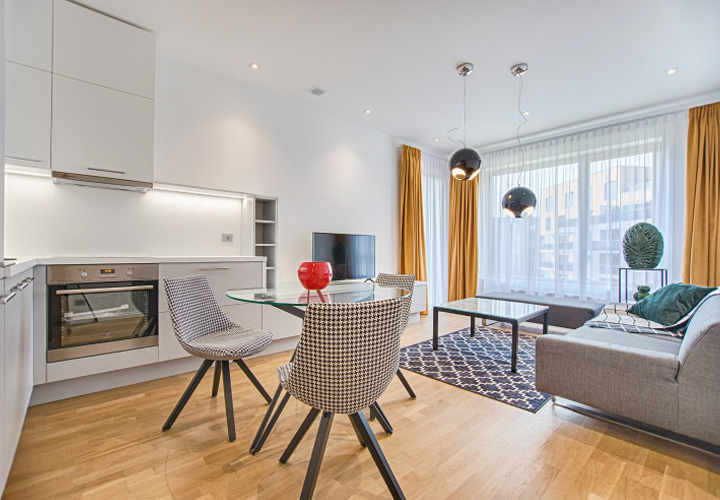 firany i zasłony na jednym karniszu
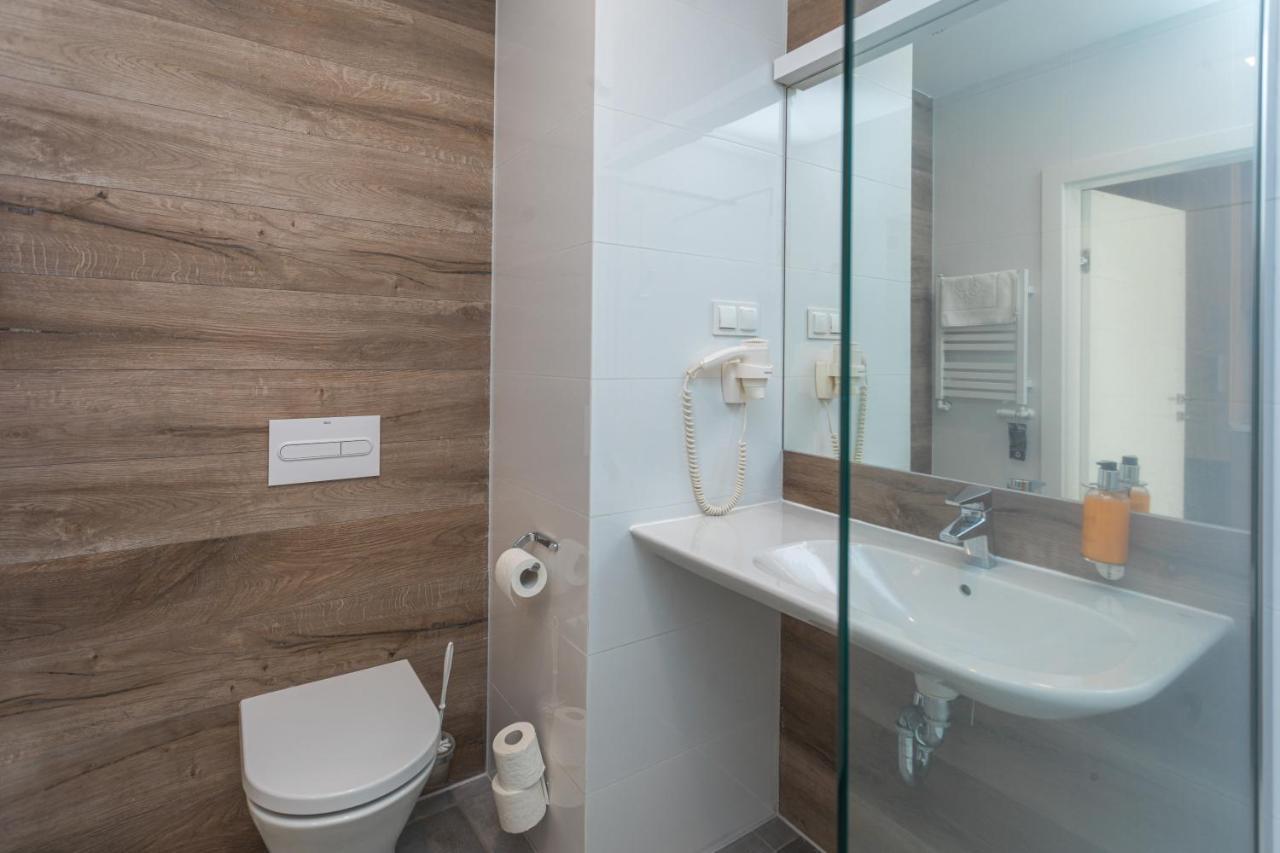 Aparthotel Apartamenty Czarna Gora 325 Шенна Екстериор снимка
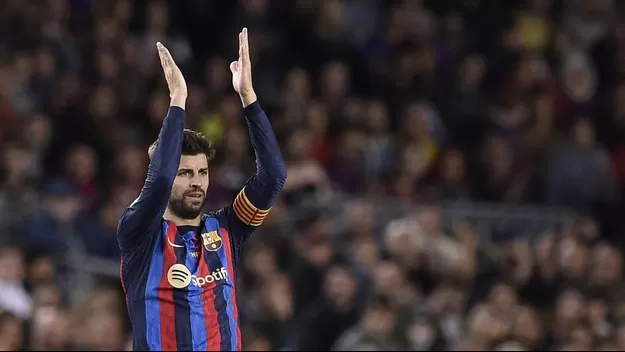 Entre lágrimas y el público de pie: Piqué se despidió así del Camp Nou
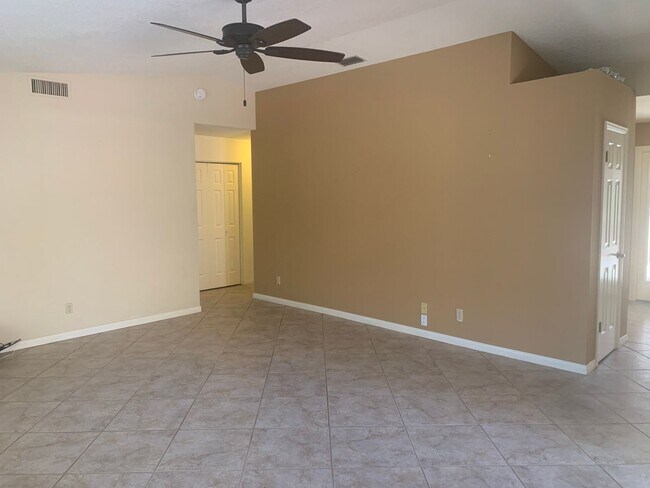 Building Photo - Unfurnished - 1 Year Rental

====================

• _WHAT THIS TASK INVOLVES_
The copy must reproduce the listing above verbatim and contain no pictures.

• _WRITTEN SOLUTION_
 firany i zasłony na jednym karniszu
 Aparthotel Apartamenty Czarna Gora 325 Шенна Екстериор снимка
 Entre lágrimas y el público de pie: Piqué se despidió así del Camp Nou
 Building Photo - Unfurnished - 1 Year Rental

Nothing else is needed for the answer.